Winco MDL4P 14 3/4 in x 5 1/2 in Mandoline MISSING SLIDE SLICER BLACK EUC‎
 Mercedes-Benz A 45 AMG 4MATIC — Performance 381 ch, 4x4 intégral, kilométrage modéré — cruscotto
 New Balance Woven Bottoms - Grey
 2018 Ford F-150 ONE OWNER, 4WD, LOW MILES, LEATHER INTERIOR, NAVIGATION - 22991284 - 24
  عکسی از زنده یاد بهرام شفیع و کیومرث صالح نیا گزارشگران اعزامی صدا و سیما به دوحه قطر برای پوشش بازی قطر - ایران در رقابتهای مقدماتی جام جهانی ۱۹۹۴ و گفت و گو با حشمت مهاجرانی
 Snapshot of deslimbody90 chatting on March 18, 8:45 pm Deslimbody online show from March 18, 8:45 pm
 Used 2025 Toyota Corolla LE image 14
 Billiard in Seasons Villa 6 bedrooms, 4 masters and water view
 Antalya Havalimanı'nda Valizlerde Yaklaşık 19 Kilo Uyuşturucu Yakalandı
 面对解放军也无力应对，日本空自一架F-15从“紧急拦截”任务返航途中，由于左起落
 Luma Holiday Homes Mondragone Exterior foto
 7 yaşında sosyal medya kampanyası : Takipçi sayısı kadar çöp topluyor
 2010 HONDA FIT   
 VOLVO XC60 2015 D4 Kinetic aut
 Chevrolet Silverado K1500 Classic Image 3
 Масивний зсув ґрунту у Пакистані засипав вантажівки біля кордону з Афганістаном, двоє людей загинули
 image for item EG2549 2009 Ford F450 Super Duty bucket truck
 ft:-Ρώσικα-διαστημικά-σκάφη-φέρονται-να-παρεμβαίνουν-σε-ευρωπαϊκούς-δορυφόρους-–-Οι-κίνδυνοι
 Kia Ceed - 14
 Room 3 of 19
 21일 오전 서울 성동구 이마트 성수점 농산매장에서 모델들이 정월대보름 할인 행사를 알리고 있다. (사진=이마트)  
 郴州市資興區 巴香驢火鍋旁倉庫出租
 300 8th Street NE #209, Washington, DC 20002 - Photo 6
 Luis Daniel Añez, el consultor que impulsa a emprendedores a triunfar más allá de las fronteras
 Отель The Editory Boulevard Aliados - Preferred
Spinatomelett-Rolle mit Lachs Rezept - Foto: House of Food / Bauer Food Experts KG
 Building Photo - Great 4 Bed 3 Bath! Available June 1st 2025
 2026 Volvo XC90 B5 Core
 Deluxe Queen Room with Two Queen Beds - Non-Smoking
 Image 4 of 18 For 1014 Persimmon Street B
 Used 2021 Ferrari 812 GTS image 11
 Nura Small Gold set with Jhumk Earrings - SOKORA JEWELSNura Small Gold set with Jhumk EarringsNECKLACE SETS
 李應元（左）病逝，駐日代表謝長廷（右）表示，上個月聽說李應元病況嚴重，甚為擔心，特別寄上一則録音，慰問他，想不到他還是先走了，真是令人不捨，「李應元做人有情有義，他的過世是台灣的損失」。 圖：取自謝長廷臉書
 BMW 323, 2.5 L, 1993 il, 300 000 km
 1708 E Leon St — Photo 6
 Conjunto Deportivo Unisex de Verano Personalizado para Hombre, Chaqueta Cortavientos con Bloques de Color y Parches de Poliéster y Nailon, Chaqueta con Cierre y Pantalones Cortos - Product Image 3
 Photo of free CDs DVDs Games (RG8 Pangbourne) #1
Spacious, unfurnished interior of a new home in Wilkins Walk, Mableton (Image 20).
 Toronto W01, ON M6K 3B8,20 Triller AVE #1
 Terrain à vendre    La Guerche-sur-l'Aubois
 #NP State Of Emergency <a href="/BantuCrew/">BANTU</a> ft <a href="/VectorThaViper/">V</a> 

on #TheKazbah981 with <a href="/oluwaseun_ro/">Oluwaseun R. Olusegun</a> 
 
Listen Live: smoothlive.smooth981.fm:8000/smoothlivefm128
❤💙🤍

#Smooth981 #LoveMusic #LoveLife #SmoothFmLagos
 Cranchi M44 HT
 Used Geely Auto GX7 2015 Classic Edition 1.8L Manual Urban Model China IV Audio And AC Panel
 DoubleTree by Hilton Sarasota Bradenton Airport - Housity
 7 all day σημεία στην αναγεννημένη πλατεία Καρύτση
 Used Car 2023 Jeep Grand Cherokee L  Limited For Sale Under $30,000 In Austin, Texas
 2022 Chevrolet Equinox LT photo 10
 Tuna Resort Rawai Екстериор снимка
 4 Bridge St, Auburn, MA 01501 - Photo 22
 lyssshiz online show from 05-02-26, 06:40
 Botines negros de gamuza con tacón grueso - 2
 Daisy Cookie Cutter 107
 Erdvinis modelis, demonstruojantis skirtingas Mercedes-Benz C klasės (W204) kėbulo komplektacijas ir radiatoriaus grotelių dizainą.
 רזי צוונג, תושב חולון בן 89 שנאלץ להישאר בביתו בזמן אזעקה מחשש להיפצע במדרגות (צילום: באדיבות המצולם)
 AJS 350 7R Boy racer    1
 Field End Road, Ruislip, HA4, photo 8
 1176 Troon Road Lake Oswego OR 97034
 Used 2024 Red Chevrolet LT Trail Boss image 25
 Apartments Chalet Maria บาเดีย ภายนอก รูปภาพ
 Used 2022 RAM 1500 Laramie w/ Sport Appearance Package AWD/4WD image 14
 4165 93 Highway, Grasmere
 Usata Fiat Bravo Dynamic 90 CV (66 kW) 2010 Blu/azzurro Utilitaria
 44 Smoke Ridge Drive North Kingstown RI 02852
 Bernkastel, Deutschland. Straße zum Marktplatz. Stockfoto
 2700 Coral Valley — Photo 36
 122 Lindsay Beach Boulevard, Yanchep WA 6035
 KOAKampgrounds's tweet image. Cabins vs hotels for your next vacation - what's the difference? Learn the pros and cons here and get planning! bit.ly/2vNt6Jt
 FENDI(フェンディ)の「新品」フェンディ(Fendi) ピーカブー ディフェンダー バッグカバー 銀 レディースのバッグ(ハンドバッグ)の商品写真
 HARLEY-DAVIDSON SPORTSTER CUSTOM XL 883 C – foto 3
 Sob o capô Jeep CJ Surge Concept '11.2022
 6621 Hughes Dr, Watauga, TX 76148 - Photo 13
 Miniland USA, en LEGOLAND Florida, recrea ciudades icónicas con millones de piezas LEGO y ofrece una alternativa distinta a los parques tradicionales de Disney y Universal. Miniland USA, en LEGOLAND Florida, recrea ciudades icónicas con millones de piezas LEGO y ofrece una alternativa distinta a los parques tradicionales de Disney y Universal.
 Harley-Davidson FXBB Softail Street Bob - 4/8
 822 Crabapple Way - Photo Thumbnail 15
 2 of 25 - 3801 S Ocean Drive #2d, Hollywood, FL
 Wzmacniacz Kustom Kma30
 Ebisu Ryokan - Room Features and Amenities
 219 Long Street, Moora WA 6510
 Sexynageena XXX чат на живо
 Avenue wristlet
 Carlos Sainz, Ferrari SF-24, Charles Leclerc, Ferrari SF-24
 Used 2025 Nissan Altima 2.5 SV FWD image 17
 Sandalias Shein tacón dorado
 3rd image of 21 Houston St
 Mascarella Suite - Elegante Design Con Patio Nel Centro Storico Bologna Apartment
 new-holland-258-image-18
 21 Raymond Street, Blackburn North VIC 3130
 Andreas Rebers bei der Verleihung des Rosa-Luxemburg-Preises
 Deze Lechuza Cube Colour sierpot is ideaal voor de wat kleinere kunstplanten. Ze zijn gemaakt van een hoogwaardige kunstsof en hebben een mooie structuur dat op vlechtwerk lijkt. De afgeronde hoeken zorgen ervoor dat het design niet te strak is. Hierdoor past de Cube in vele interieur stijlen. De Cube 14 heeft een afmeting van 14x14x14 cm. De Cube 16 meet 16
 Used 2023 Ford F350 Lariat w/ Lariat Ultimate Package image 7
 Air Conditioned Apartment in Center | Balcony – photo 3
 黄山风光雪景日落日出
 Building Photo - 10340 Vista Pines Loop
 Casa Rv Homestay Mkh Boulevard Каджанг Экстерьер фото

********************

About this exercise
Which lines of the records contain "Benz"? Show each of them.

Finished exercise
 Mercedes-Benz A 45 AMG 4MATIC — Performance 381 ch, 4x4 intégral, kilométrage modéré — cruscotto
 Erdvinis modelis, demonstruojantis skirtingas Mercedes-Benz C klasės (W204) kėbulo komplektacijas ir radiatoriaus grotelių dizainą.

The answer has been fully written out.